Interface-centric strategies in Nb2O5/MoS2 heterostructure: Leveraging synergistic potential for dual-function electrochromic energy storage

The advancement of multifunctional materials integrating electrochromic and energy storage functionalities represents a transformative approach to next-generation energy systems. This study reports the Nb2O5/MoS2 heterostructure thin films, fabricated via a hydrothermal method, for dual electrochromic energy storage applications. The optimized heterostructure leverages the complementary properties of Nb2O5 and MoS2, attaining unrivaled performance in both domains. The electrochemical determinations reveal that the Nb@Mo20 exhibits an areal capacitance of 176.74 mF/cm2 at 0.8 mA/cm2, alongside magnificent cycling stability. Owing to its favorable structural characteristics, the heterostructure unveiled striking optical modulation of 77.11 % at 600 nm, transitioning between 82.25 % (bleached) and 5.14 % (colored) states.

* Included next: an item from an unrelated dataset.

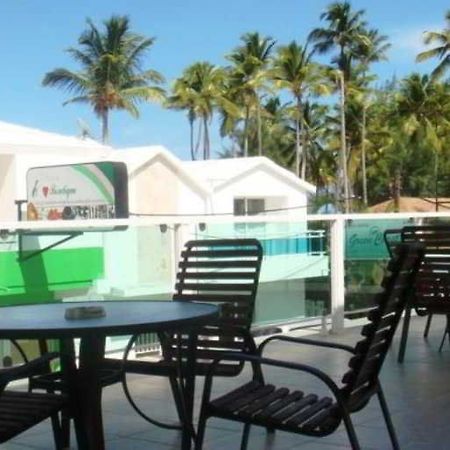 بافارو Apartahotel Green Coast المظهر الخارجي الصورة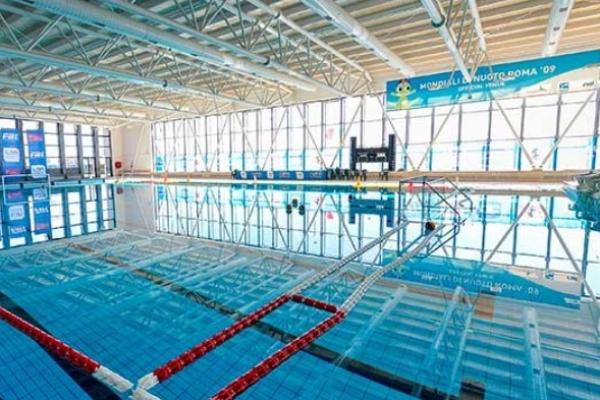 Campionato Ragazzi e Master 2023 - II giornata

It delivered rapid switching times, with a high coloration efficiency of 98.92 cm2/C. Long-term cycling stability conveyed minimal performance loss after 20,000 s, ensuring sustained efficiency. Additionally, a hybrid electrochromic supercapacitor is developed, demonstrating a notable optical contrast (73.60 % at 600 nm), acceptable capacitance with good cycling stability. The device maintains a wide voltage range, effectively powering LEDs, showcasing scalability for real-world applications. The design principles outlined in this study offer valuable insights into the development of high-performance electrochromic energy storage materials, highlighting their potential applications in energy efficiency and storage.